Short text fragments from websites
————————

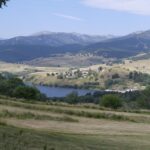Le lac et le village de Puyvalador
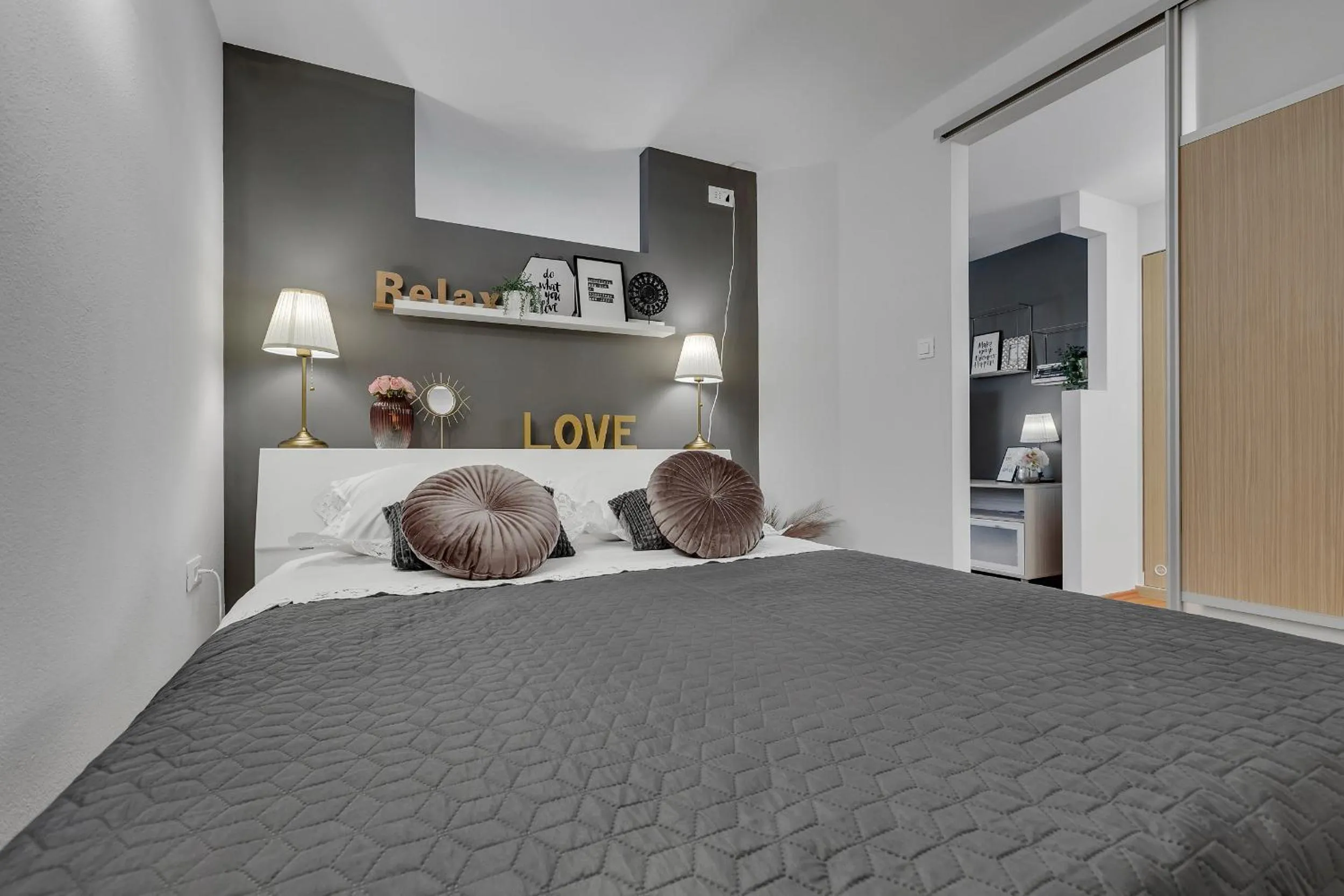 Bedroom, Bed in Apartment Mucrum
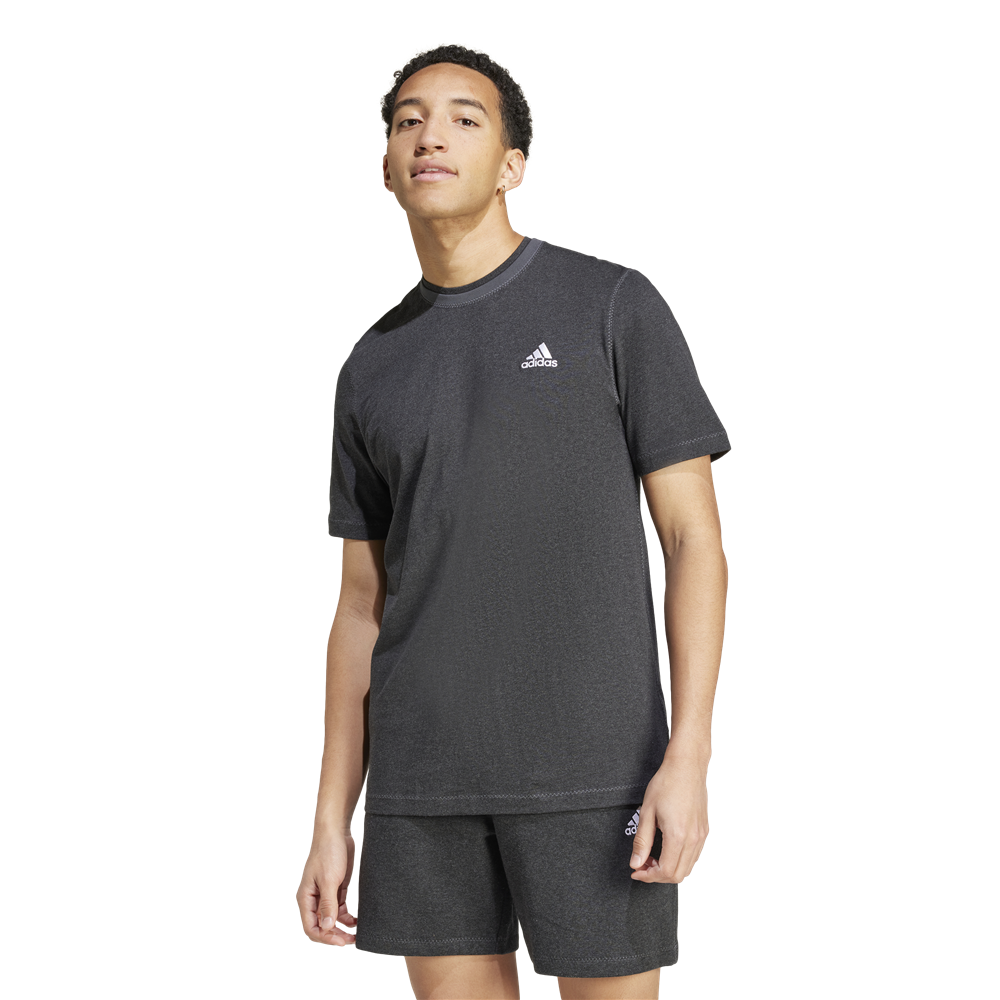 Adidas M MEL T IW6358 Siyah Tişört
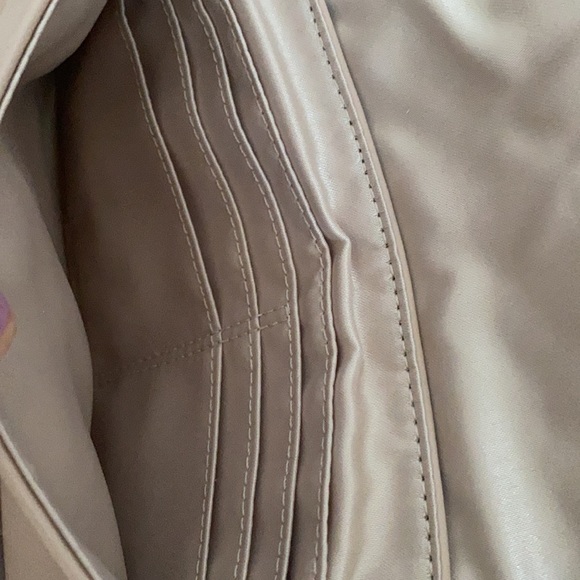 Coach clutch - Picture 9 of 9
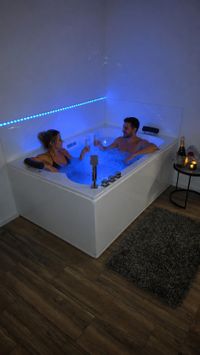 01_whirlpool_mit_personen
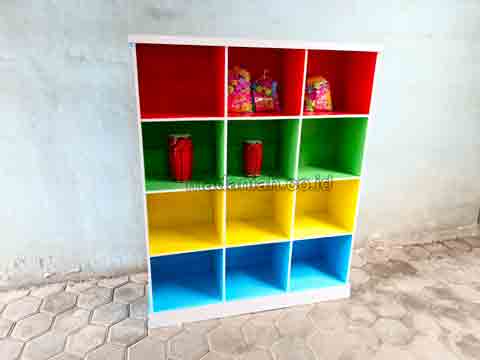 Pabrik Lemari Loker Kayu PAUD TK Toba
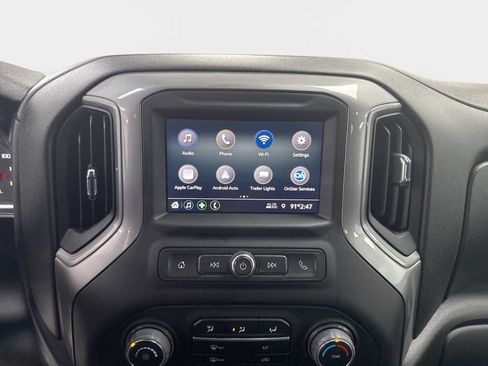 Used 2022 Chevrolet Silverado 2500 Custom w/ Custom Convenience Package AWD/4WD image 12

————————

PROBLEM REQUIREMENTS:
Above are the records; set down exactly the lines from the line containing "01_whirlpool_mit_personen" through their last line, leaving every picture out.

THE ANSWER:
 01_whirlpool_mit_personen
 Pabrik Lemari Loker Kayu PAUD TK Toba
 Used 2022 Chevrolet Silverado 2500 Custom w/ Custom Convenience Package AWD/4WD image 12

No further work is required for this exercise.